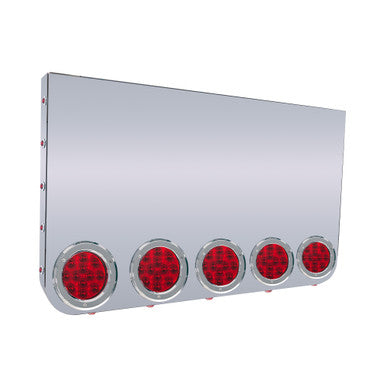 20" REAR CENTER PANEL W/ 5 - 4" &amp; 15 3/4" LIGHT HOLES - ROUNDED BOTTOM - RED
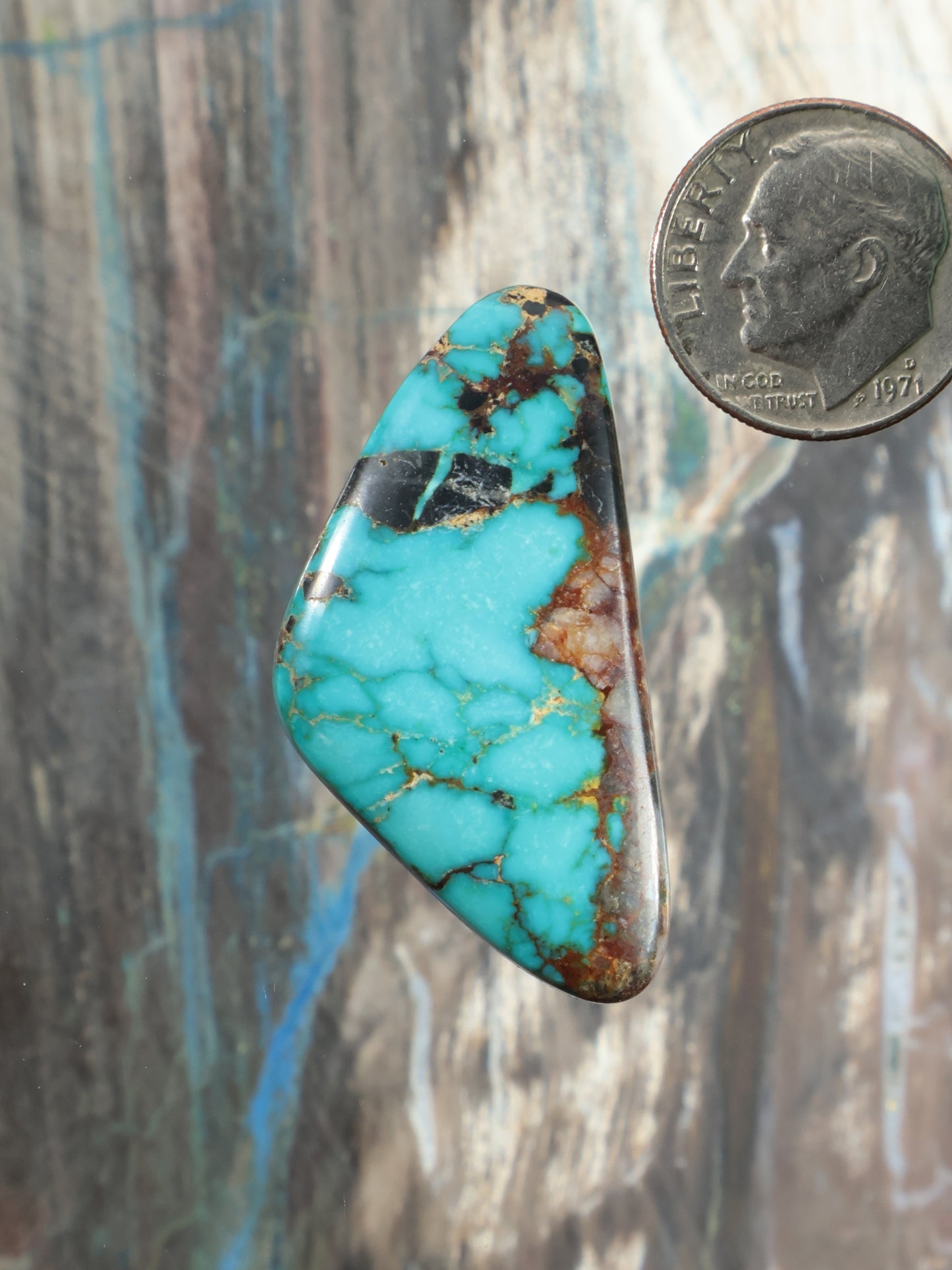 Turquoise blue teardrop cabochon with brown webbed matrix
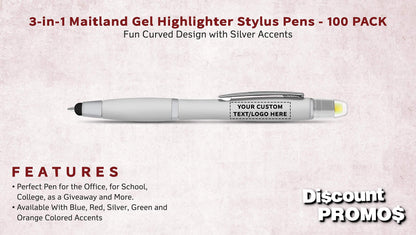 DISCOUNT PROMOS Personalized Smooth Writing Maitland Gel Highlighter Stylus Pens - 100 pack - Highlighters - Customizable Text, Logo - Silver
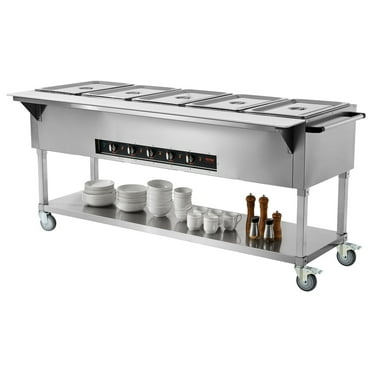 VEVOR 5-Pan Commercial Food Warmer - 20.6QT Electric Steam Table, 3750W, Stainless Steel Buffet Server with Lockable Wheels for Parties and Restaurants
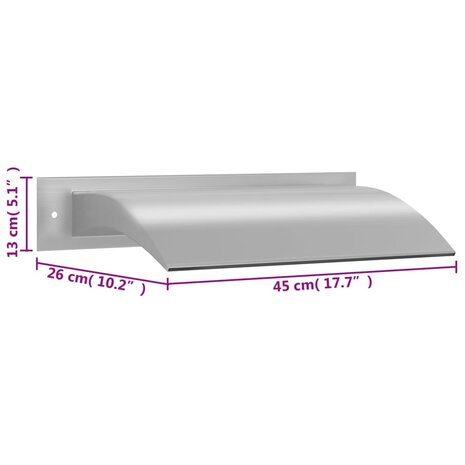 Zwembadfontein 45x26x13 cm roestvrij staal zilverkleurig   8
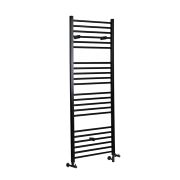 Milano Nero - Matt Black Dual Fuel Straight Heated Towel Rail 1600mm x 500mm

■ ■ ■ ■ ■ ■ ■

■ What is expected:
Return the complete material exactly as given, excluding images.

■ Output for this task:
 20" REAR CENTER PANEL W/ 5 - 4" &amp; 15 3/4" LIGHT HOLES - ROUNDED BOTTOM - RED
 Turquoise blue teardrop cabochon with brown webbed matrix
 DISCOUNT PROMOS Personalized Smooth Writing Maitland Gel Highlighter Stylus Pens - 100 pack - Highlighters - Customizable Text, Logo - Silver
 VEVOR 5-Pan Commercial Food Warmer - 20.6QT Electric Steam Table, 3750W, Stainless Steel Buffet Server with Lockable Wheels for Parties and Restaurants
 Zwembadfontein 45x26x13 cm roestvrij staal zilverkleurig   8
 Milano Nero - Matt Black Dual Fuel Straight Heated Towel Rail 1600mm x 500mm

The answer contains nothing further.